O advogado criticou também a citação no relatório de artigo da lei antiterrorismo, utilizada para enfatizar a gravidade dos atos relatados, muito embora esteja claramente explicitado no documento elaborado pela comisão que ela “não se aplica à conduta individual ou coletiva de pessoas em manifestações políticas, movimentos sociais, sindicais… direcionados por propósitos sociais ou reivindicatórios”. “Essa lei aparece no relatório da comissão como um fantasma. Sua citação diz muito sobre as intenções do documento”.
A assessoria de comunicação social da UFPE informou que o relatório da comissão de inquérito administrativo chegou ao Gabinete do Reitor no dia 28 de junho, tendo sido encaminhado à Procuradoria Jurídica da universidade neste mesmo dia. O relatório foi distribuído, no dia 10 de agosto, para um procurador que fará um parecer jurídico sobre o caso. Cabe à Procuradoria avaliar se foi seguido o devido processo legal na comissão, tendo sido garantido, por exemplo, o amplo direito de defesa aos estudantes. O parecer da Procuradoria deverá então ser encaminhado ao reitor Anísio Brasileiro, a quem caberá a decisão sobre o caso. Ele pode aceitar a recomendação e expulsar os alunos, optar por uma pena menos severa (advertência, repreensão ou suspensão) ou arquivar o processo. Seja qual for a decisão, os estudantes ainda podem recorrer em última instância interna ao Conselho de Administração da universidade.
A professora do campus Ageste da UFPE, Allene Carvalho Lage, coordenadora do Observatório dos Movimentos Sociais na América Latina, publicou nas redes sociais uma carta aberta ao reitor pedindo que ele rejeite o parecer que recomenda a expulsão dos estudantes do Centro de Artes.
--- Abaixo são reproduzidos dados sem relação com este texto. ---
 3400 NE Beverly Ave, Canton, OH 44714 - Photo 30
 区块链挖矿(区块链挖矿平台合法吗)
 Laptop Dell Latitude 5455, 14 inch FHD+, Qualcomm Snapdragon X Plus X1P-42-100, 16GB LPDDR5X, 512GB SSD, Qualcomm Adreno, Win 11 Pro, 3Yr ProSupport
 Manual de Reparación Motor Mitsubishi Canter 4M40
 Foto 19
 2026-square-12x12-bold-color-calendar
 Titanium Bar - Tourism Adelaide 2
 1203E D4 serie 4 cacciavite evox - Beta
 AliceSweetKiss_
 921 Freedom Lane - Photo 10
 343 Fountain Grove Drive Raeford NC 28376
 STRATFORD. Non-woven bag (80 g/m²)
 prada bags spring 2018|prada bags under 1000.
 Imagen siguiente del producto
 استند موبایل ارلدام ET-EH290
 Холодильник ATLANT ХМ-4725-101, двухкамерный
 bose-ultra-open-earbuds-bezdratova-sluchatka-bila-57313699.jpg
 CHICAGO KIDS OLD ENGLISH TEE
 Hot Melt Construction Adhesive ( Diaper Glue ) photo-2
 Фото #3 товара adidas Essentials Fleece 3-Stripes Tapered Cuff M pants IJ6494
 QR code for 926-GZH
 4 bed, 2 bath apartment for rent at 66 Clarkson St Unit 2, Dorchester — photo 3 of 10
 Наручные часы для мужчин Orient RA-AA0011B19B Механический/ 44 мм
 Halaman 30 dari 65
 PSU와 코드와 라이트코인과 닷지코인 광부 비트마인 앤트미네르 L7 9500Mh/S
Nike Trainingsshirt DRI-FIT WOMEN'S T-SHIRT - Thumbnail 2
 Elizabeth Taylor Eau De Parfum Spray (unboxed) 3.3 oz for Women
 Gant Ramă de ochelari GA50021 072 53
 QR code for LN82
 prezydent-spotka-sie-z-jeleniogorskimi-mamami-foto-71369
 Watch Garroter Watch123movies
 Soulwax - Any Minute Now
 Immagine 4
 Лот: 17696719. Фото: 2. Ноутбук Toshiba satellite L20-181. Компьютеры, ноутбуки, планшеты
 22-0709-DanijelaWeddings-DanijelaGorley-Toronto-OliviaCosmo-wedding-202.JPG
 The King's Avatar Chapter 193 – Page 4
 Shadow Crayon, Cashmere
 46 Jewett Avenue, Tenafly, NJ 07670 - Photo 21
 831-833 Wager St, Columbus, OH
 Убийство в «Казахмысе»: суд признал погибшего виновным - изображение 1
Ela defende a legitimidade da ocupação estudantil em defesa das universidades públicas e contra a emenda do teto de gastos e associa o pedido de punição a atos praticados sob um regime de exceção. “Esta decisão vem punir violentamente estudantes que passaram vários dias em uma exaustiva ocupação, pela defesa da manutenção dos recursos públicos que garantissem o funcionamento integral da UFPE. E, nesta perspectiva, entendemos que este parecer fere os princípios democráticos, que desde sempre têm sido um valor em todos os setores da UFPE, só encontrando ecos esse tipo de expulsão nos tempos da ditadura civil militar”.
Outros dois processos administrativos estão em tramitação na UFPE: um relativo à ocupação do Centro de Filosofia e Ciência Humanas (CFCH), onde são investigados também danos ao patrimônio público, e outro que apura agressões a professores durante reunião do Conselho Coordenador de Pesquisa, Ensino e Extensão, que discutia a adequação do calendário acadêmico no pós-ocupação.